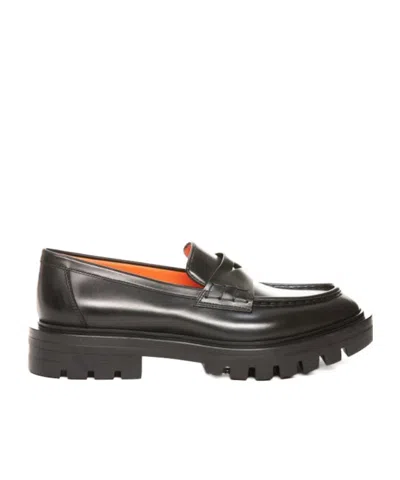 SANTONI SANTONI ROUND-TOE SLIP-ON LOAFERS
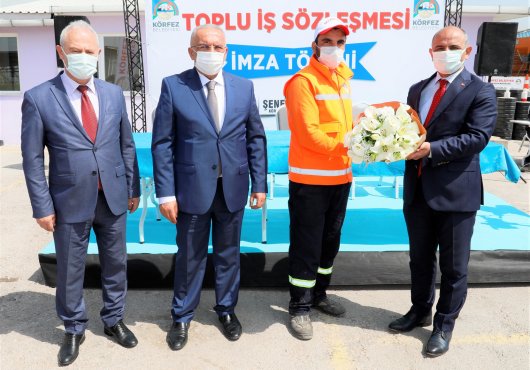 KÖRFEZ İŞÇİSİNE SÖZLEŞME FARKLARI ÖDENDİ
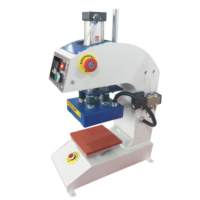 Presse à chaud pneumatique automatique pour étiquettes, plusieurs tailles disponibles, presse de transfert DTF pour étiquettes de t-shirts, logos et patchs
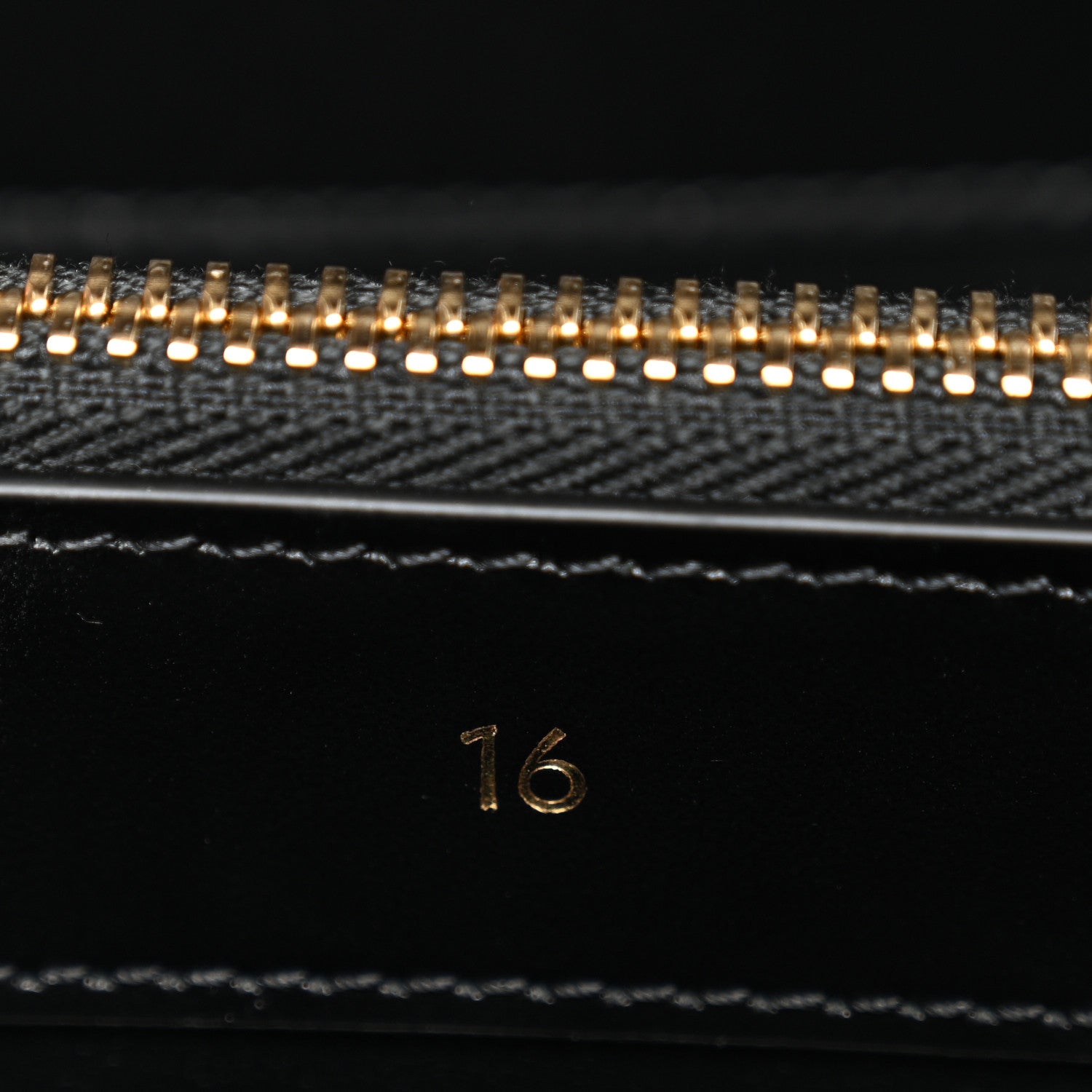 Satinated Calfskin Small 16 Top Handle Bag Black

====

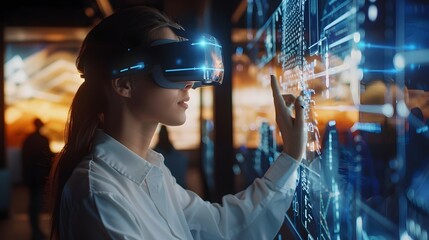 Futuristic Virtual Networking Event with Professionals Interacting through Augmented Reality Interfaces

====

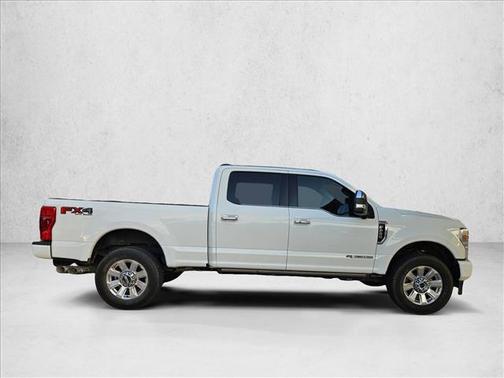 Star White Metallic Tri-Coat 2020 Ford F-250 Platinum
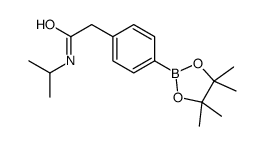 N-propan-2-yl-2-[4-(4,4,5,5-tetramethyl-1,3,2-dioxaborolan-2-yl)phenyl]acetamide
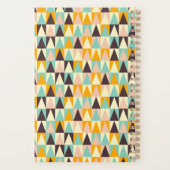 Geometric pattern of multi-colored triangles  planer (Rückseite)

====

→ Assignment
Print, exactly and with no pictures, the lines of the listing above starting at the one that has "Star White Metallic" and ending at the one that has "Geometric pattern of", both included.

→ Expected answer
 Star White Metallic Tri-Coat 2020 Ford F-250 Platinum
 N-propan-2-yl-2-[4-(4,4,5,5-tetramethyl-1,3,2-dioxaborolan-2-yl)phenyl]acetamide
 Geometric pattern of multi-colored triangles  planer (Rückseite)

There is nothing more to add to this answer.